専門家たちは、この転換が「ヘドニック・トレッドミル」現象の回避に不可欠であると指摘する。ヘドニック・トレッドミル、すなわち快楽順応とは、人が大きなポジティブな出来事や変化に直面しても、幸福感が一時的に高まるだけで、やがて元の幸福度の水準、いわゆる「セットポイント」に戻ってしまう心理学的傾向を指す。この現象は、高額な報酬や大きな達成感を得ても、脳がその刺激に慣れてしまい、さらなる刺激を求め続けるという神経学的な要因も関与しているとされる。
この持続的な幸福を追求するために、個人が実践すべき具体的なステップが提唱されている。まず、過去一年間の行動を精査し、真に幸福を支えた行動と、単なる気晴らしであった行動を峻別する必要がある。次に、健康、人間関係、学習といった二つか三つの核となる領域を選定し、それらに対して現実的な、小さな日々の行動を設定する。これらの活動を単なる義務としてではなく、自己への投資と捉え、日々のルーティンに意味のある活動として組み込むことが推奨される。
ロゴセラピーの観点からも、人生からの問いかけに責任をもって応答することが重要である。フランクルは、人生が私たちに何を期待しているかを問い、その問いに答え続けることが、人生に責任を持つことにつながると説いた。この日々の意味の発見と実践は、大きな目標達成に依存するのではなく、日々の行動にポジティブな要素を埋め込むことで、安定したウェルビーイングを促進する持続可能な方法論を提供する。例えば、ある事例では、不登校の生徒が飼育係として「亀が自分を必要としている」という意味を見出した途端、毎日登校する意欲が湧いたという報告もあり、日々の責任と意味づけの力が示されている。

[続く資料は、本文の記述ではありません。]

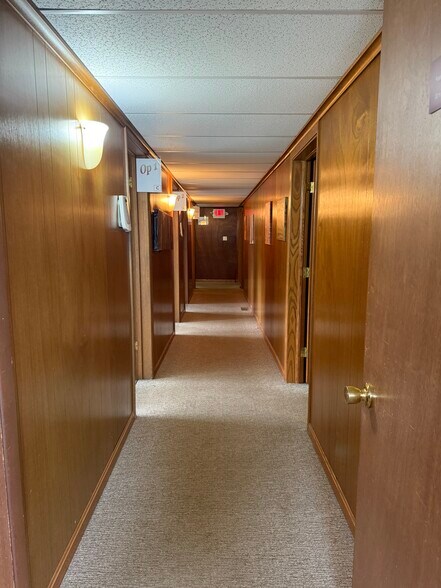 More Photos Of 1117 Clark St, Cambridge Medical For Sale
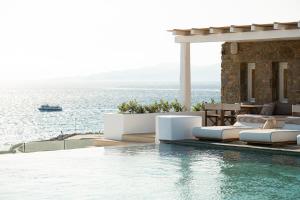 A piscina localizada em Porto Mykonos ou nos arredores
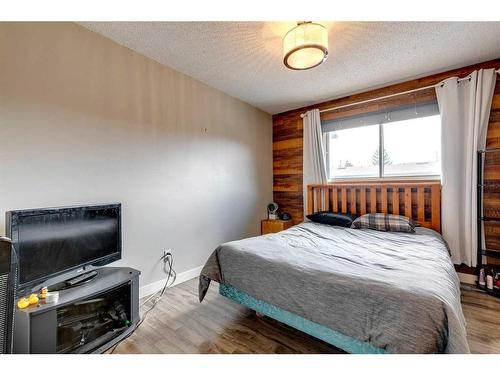 302-5340 17 Avenue Sw, Calgary, AB - Indoor Photo Showing Bedroom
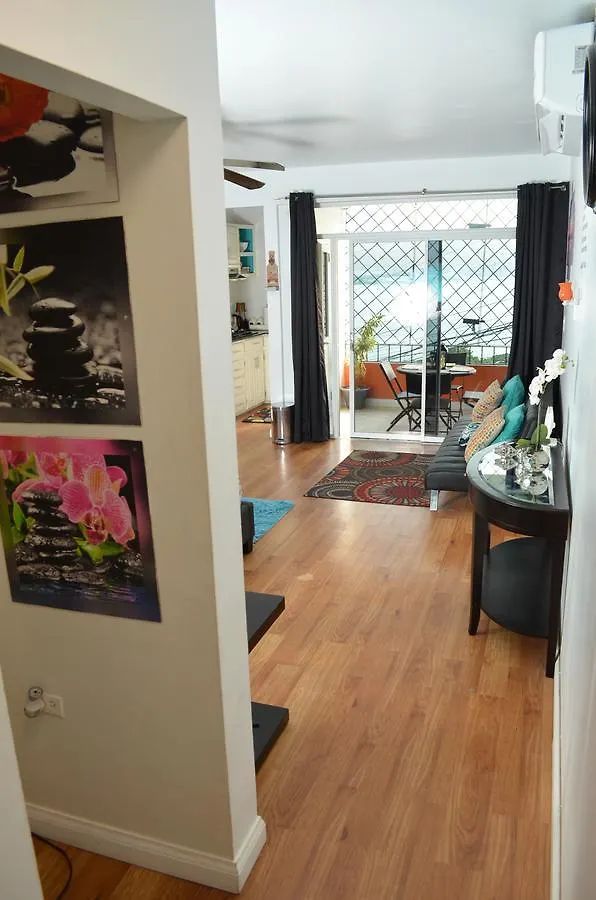 Upperdeck Daire Montego Bay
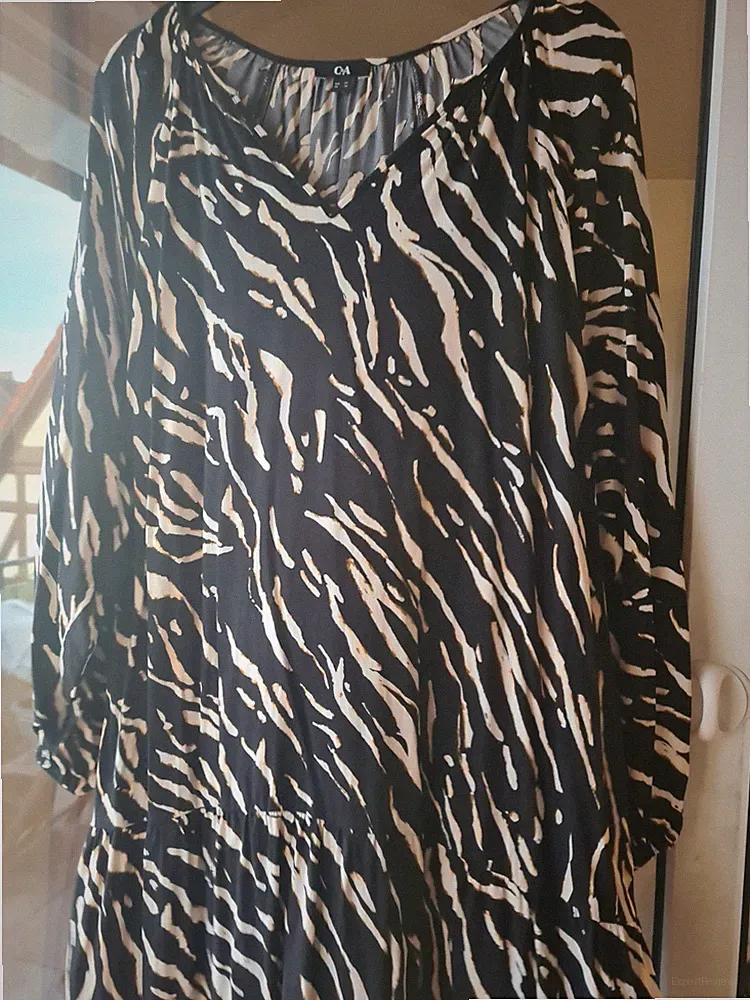 Leichtes Sommer/ Herbstzeit Damen Kleid, angeblich L ,eher 46- 48, ungetragen.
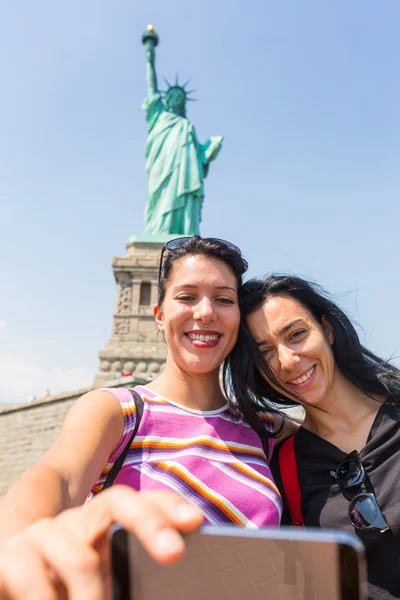 Mujeres tomando selfie con estatua de la libertad — Foto de Stock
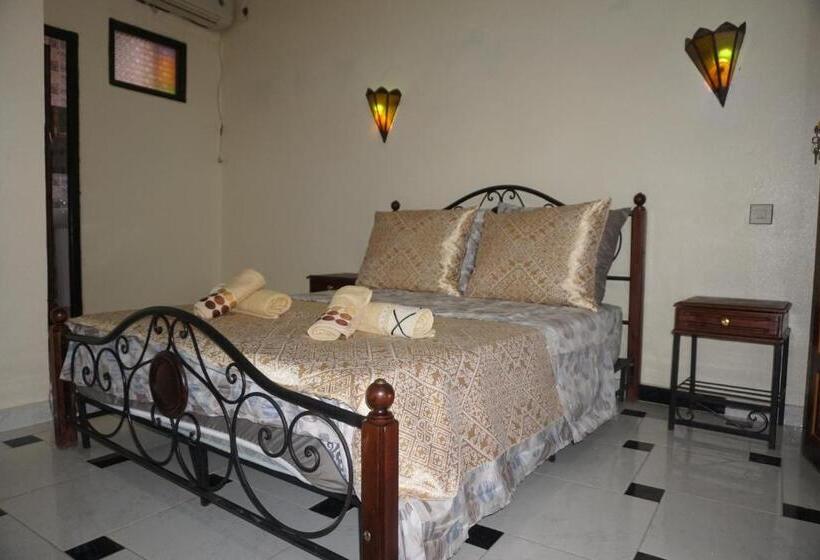 تختخواب و صبحانه Riad Andalousse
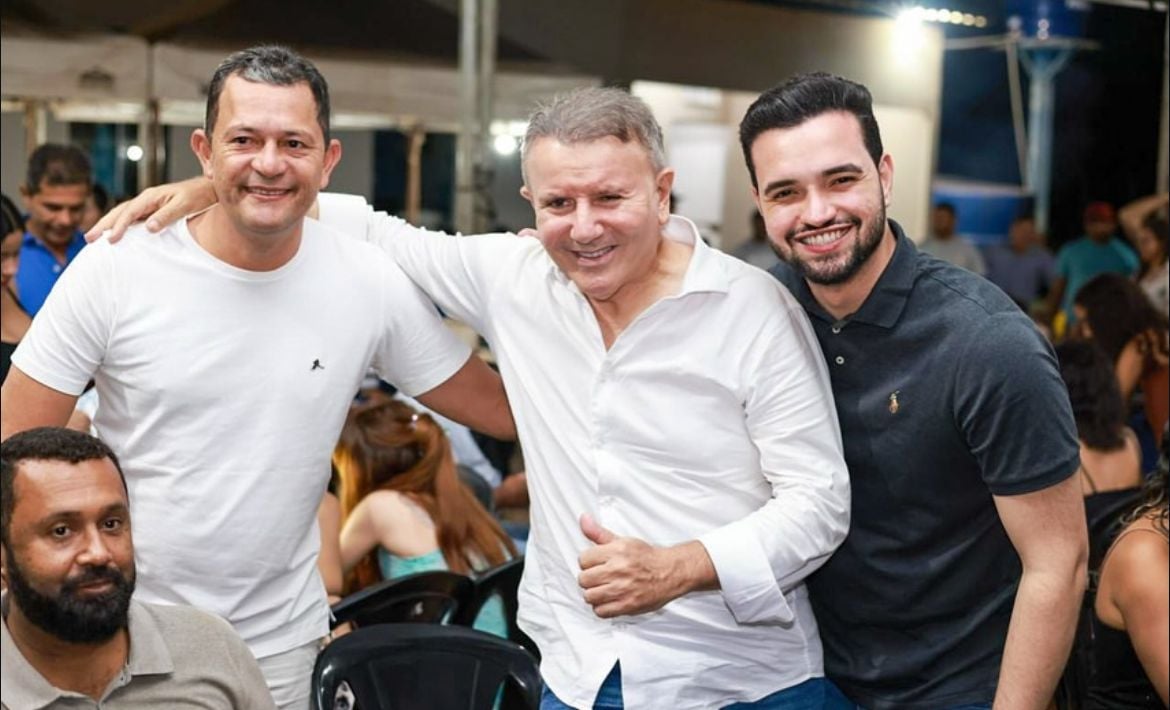 Prefeito de Palmas é preso em operação da PF que investiga venda de sentenças e vazamento de informações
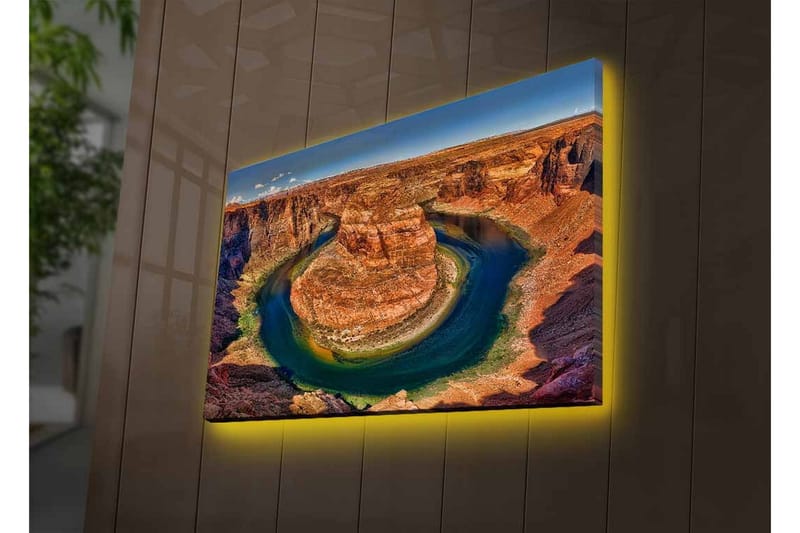 Lerretsbilde med LED-belysning - Vakker utsikt over en svingete elv omgitt av dramatiske klipper - Rød / Grønn / Blå - Interiør - Maleri & posters - Lerretsbilder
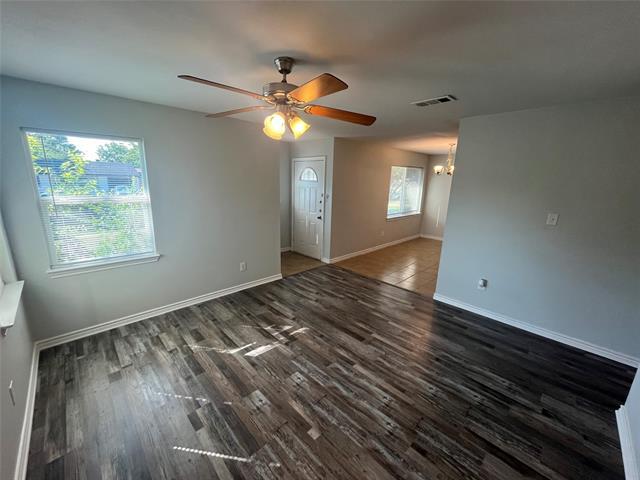 Photo - 2523 Cunningham St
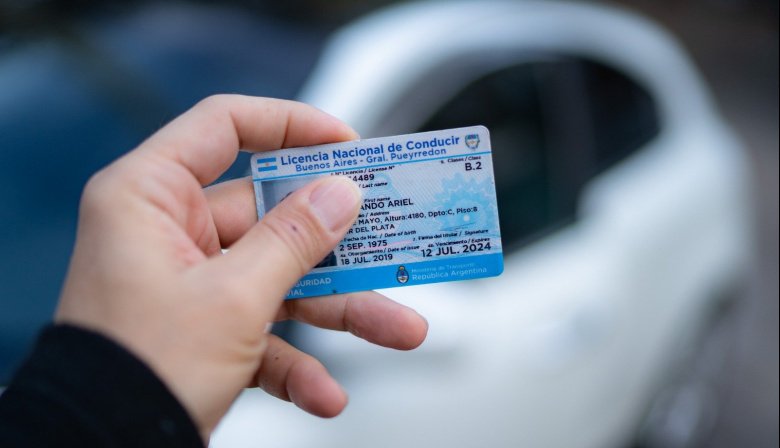 Detuvieron a diez personas por venta de licencias de conducir falsas en redes sociales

ポジティブ心理学の応用は、個人の幸福に留まらず、組織のウェルビーイングにも及ぶ。ニューヨークライフバランス研究所代表の松村亜里博士は、ポジティブ心理学が「マイナスをゼロ」から「ゼロをプラス」へと心理学の役割を変化させたと指摘しており、ワークエンゲージメント向上にも寄与すると述べている。日々の小さな意味の発見と、それに対する責任ある行動は、結果として、持続的な充実感と、外的報酬に依存しない内的な満足感の基盤を築くのである。